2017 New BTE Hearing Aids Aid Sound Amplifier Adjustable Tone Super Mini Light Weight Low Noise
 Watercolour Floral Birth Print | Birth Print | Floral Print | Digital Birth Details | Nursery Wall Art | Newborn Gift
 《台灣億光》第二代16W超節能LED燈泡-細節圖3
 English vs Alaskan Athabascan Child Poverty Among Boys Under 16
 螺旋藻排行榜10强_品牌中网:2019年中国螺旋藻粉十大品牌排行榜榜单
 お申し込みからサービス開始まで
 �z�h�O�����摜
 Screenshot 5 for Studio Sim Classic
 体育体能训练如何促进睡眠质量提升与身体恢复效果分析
+ + + +
◆ EXERCISE DIRECTIONS
Only an exact copy of all the data will do as the answer.

◆ ANSWER TO THE PROBLEM
2017 New BTE Hearing Aids Aid Sound Amplifier Adjustable Tone Super Mini Light Weight Low Noise
 Watercolour Floral Birth Print | Birth Print | Floral Print | Digital Birth Details | Nursery Wall Art | Newborn Gift
 《台灣億光》第二代16W超節能LED燈泡-細節圖3
 English vs Alaskan Athabascan Child Poverty Among Boys Under 16
 螺旋藻排行榜10强_品牌中网:2019年中国螺旋藻粉十大品牌排行榜榜单
 お申し込みからサービス開始まで
 �z�h�O�����摜
 Screenshot 5 for Studio Sim Classic
 体育体能训练如何促进睡眠质量提升与身体恢复效果分析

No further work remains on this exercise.